Costly Grace

In days of hardships, particularly when one is being persecuted for his/her faith, those who become Christians count the cost of discipleship carefully before taking up the cross of Christ.  In good times, prosperous times, the cost of discipleship does not seem so high, and people take the name of Jesus without undergoing any transformation of life and lifestyle that true and real regeneration by grace implies.

 

Dietrich Bonhoeffer, the German churchman of the Nazi era who eventually suffered martyrdom for his opposition to Hitler’s policies, called this erroneous theology, “cheap grace”. Bonhoeffer said cheap grace is the preaching of forgiveness without requiring repentance, baptism without discipline of community. It is the Lord’s Supper without

confession of sin. It is the absolution of our sin without personal confession.
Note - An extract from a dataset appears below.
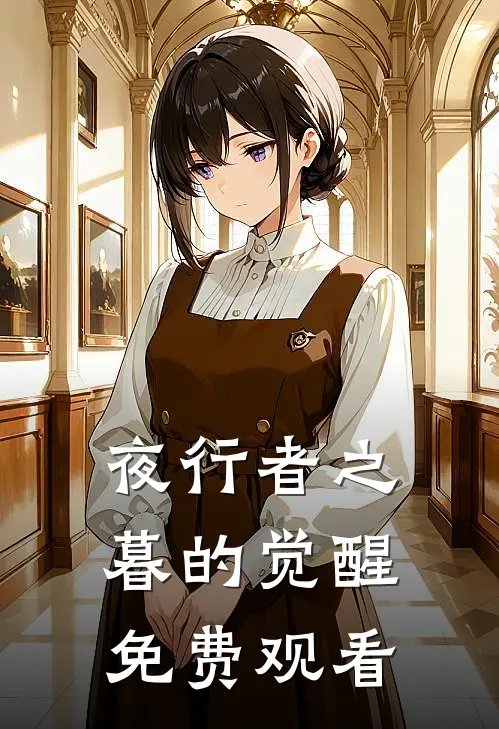 夜行者之暮的觉醒免费观看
Cheap grace is grace without discipleship, grace without the cross, grace without the living, incarnate Jesus Christ.

 

Costly grace is the treasure hidden in the field for the sake of which people go and sell with joy everything they have. It is the costly pearl of great price by which the merchant will sell all his goods to receive it. Costly grace is the gospel which must be sought again and again, the gift which must be asked for, the door at which a man must knock. Such grace is costly because it causes us to follow, and it is grace because it causes us to follow Jesus Christ. These words, “follow me”, are a statement to all would-be Christians that discipleship means following Jesus in a personal and generally costly way.